Casas Reales

Laurence Debray, la hija de la revolución que guillotina el silencio del Borbón ofendido y se lleva una fortuna

Laurence Debray

Lucas del Barco

Cuenta Laurence Debray que una tarde de otoño, con París vestida de gris plomo y el Panteón como testigo mudo, le sonó el teléfono. Al otro lado de la línea, desde los horizontes desérticos de Abu Dabi, el rey autoexiliado le daba las gracias por recordarle al mundo que no todo en él eran comisiones, amistades árabes o amantes melodramáticas. Que hubo también un timón firme en el golpe del 23-F, una sonrisa franca en los años de plomo y una habilidad sin parangón para convertir la monarquía en puente, y no en obstáculo, hacia la democracia.

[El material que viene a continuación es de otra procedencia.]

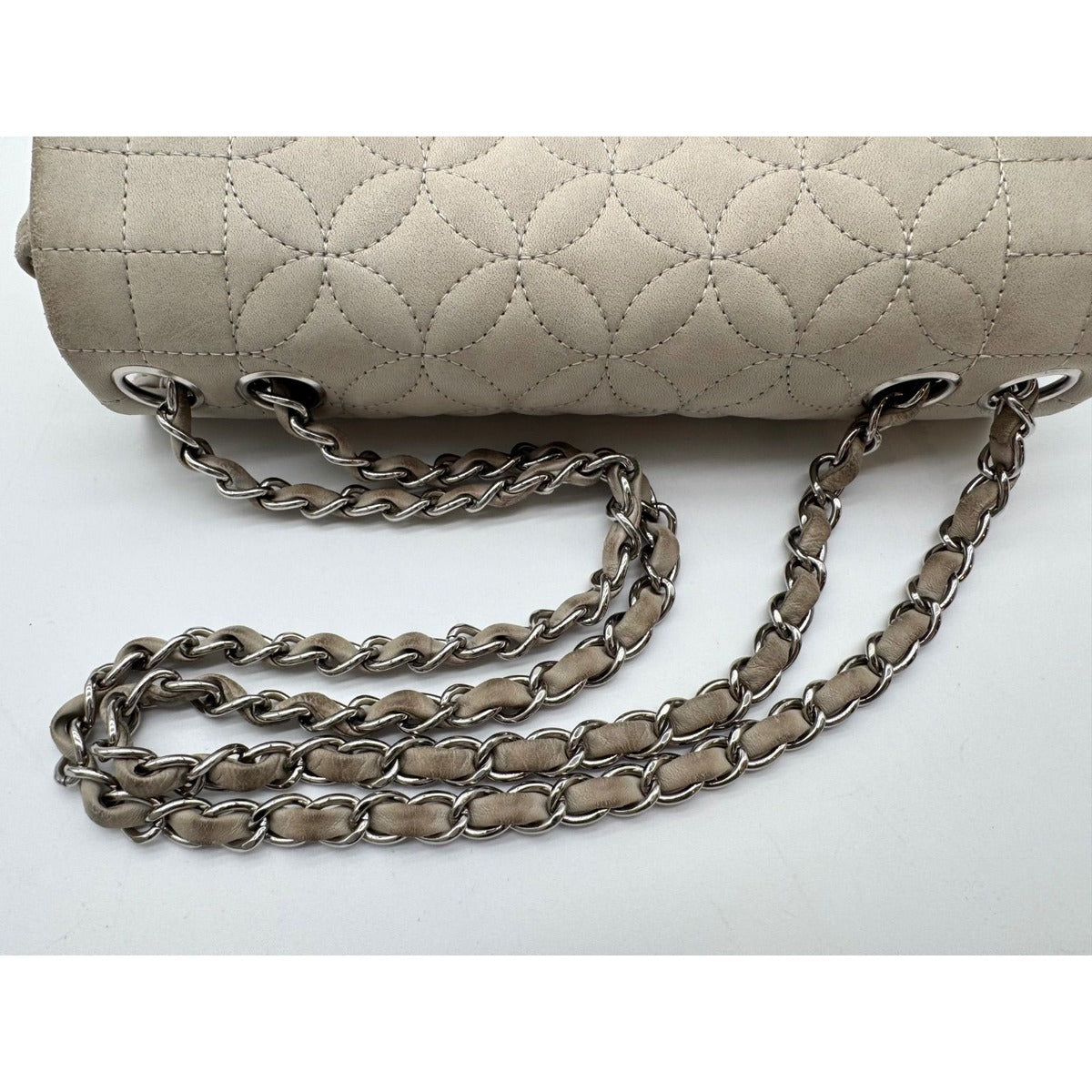 Chanel Large Shoulder Bag Flower Stitch CC Logo Turnlock Silver Chain Gray — view 16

Hay en el destino de los seres humanos grandes y pequeños una melancolía ineludible. Pero en los que hacen historia, para bien o para mal, hay además un rastro de polvo solar que se posa sobre su figura cuando los reflectores se apagan y queda, como único sonido, el crujido del mármol donde reposan los nombres que algún día presidieron estatuas. En el caso de Juan Carlos I, la estampa es doblemente trágica. Se intuye que él considera que a la sombra que deja el paso del tiempo, se le ha sumado la de la ingratitud. Se diría que las críticas a sus errores las ve como una plaga moderna que castiga a quien ha servido a su patria con la desmemoria que solo el confort del presente permite. Pero claro, Juan Carlos I olvida que hasta su hijo le ha señalado.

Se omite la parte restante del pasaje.